---------- Data section ----------
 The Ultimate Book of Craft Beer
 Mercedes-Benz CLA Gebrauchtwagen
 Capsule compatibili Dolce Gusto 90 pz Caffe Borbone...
----------
Your objective >>
The answer should contain every line of the data, unchanged.

Task response >>
 The Ultimate Book of Craft Beer
 Mercedes-Benz CLA Gebrauchtwagen
 Capsule compatibili Dolce Gusto 90 pz Caffe Borbone...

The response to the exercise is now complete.